* [TASK INPUT]:
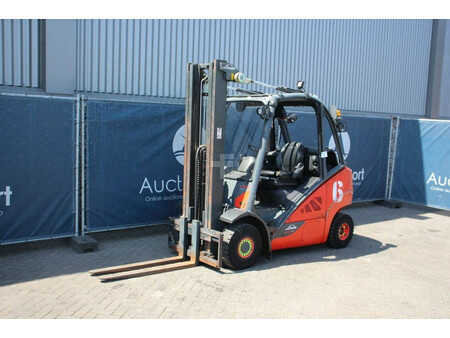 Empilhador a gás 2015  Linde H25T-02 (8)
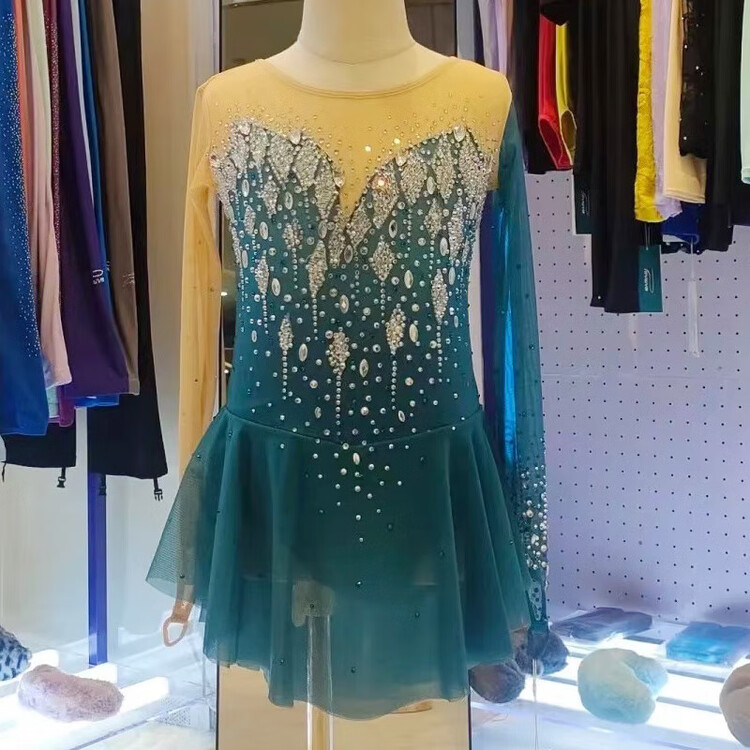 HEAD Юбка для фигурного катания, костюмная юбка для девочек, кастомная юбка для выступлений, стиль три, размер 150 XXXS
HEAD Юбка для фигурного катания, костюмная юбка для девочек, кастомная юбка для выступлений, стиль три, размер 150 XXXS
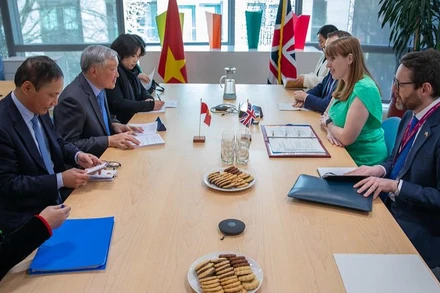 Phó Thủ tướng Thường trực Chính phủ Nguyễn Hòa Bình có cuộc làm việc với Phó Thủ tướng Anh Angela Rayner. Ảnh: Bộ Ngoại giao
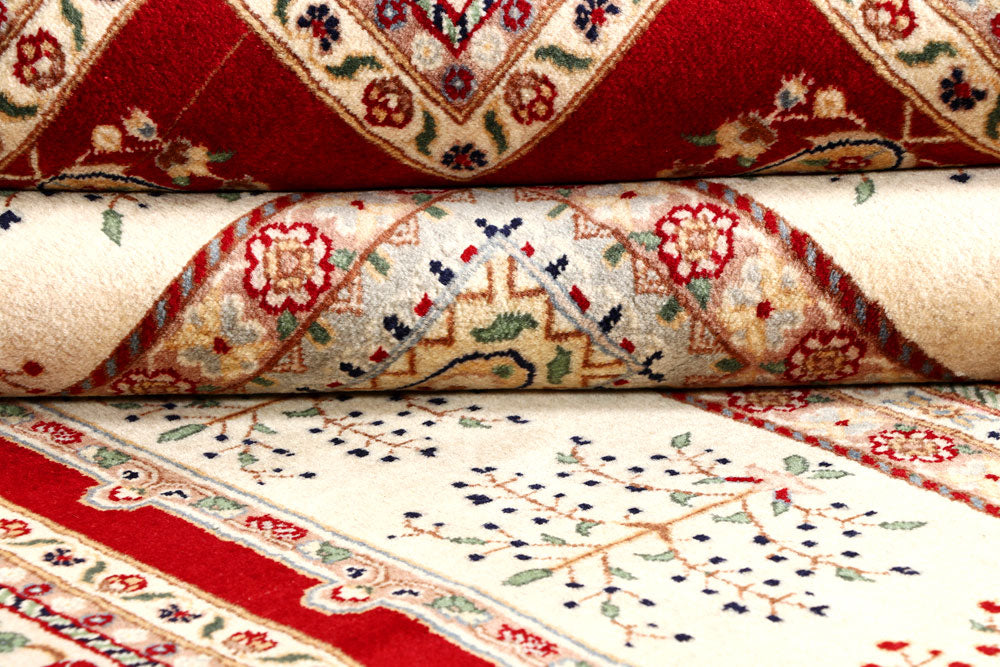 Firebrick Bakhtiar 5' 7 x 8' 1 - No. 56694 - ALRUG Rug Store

* [TASK DETAILS]:
Give again, word for word, the line containing "Phó Thủ tướng Thường" and every line after it to the end of the records; leave out the pictures.

* [REPLY TO THE TASK]:
 Phó Thủ tướng Thường trực Chính phủ Nguyễn Hòa Bình có cuộc làm việc với Phó Thủ tướng Anh Angela Rayner. Ảnh: Bộ Ngoại giao
 Firebrick Bakhtiar 5' 7 x 8' 1 - No. 56694 - ALRUG Rug Store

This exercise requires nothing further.